◆ Information given
◆ ◆ ◆

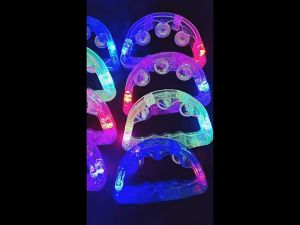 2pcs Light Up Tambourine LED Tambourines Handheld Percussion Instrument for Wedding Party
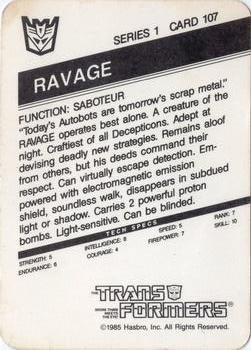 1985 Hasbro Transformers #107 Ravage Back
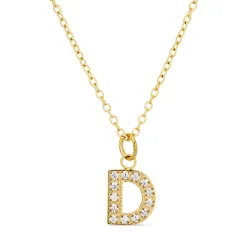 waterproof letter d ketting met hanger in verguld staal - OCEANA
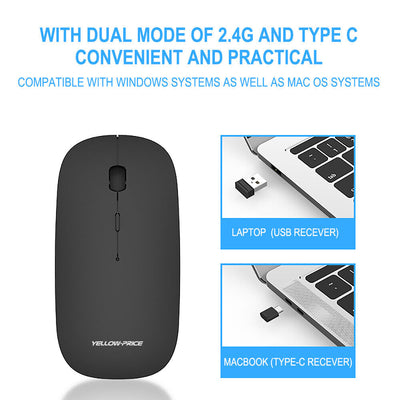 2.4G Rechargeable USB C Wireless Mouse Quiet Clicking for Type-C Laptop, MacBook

◆ ◆ ◆

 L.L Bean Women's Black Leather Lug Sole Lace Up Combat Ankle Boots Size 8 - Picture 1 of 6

◆ ◆ ◆

◆ Aim of the task
No picture is to be printed. Output exactly the lines above from the line containing "1985 Hasbro Transformers #107 Ravage Back" through the line containing "2.4G Rechargeable USB".

◆ Exercise solution
 1985 Hasbro Transformers #107 Ravage Back
 waterproof letter d ketting met hanger in verguld staal - OCEANA
 2.4G Rechargeable USB C Wireless Mouse Quiet Clicking for Type-C Laptop, MacBook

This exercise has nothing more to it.